Art.1º Fica assegurado o direito de “visita virtual”, através de chamadas telefônicas e/ou vídeo-chamadas por aplicativos de telefone celular, aos familiares de pacientes que estejam internados na rede de saúde pública ou privada do Município de Campo Grande/MS, com diagnóstico de infecção pelo novo Coronavírus – COVID-19, em Unidades de Tratamento Intensivo e Unidades de Internação – enfermarias e apartamentos.

§ 1º A eleição da modalidade ligação telefônica ou vídeo-chamada será feita pela equipe de assistência à saúde do paciente obedecendo a critérios técnicos e clínicos que serão, obrigatoriamente, explicados aos familiares.

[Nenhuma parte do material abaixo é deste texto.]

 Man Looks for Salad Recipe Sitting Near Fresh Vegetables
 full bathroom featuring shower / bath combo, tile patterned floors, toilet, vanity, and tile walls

§ 2º O direito à visita virtual será extensivo aos pacientes sedados ou com os quais não haja a possibilidade de comunicação efetiva, caso seja este o desejo da família, inclusive para efeitos de despedida, no caso de morte iminente.

Art. 2º Para efetivação do disposto nesta Lei, a instituição de saúde deverá:

I – identificar o familiar responsável pela efetivação da visita virtual, coletando nome completo e 1 a 2 números de telefone, incluindo aplicativos de troca de mensagens instantâneas;

II – explicar a rotina de comunicação, horários das visitas virtuais, fluxo de dúvidas e medidas que serão tomadas em caso de eventuais indisponibilidades técnicas temporárias para o responsável principal;

§1º A participação na visita virtual, seja pelo recebimento de chamada telefônica ou pela realização da chamada de vídeo dependerá da vontade do paciente em realizá-la, sempre que este for admitido consciente no serviço de saúde, devendo a pratica ser incentivada pela equipe de saúde responsável, respeitando-se a autonomia do paciente.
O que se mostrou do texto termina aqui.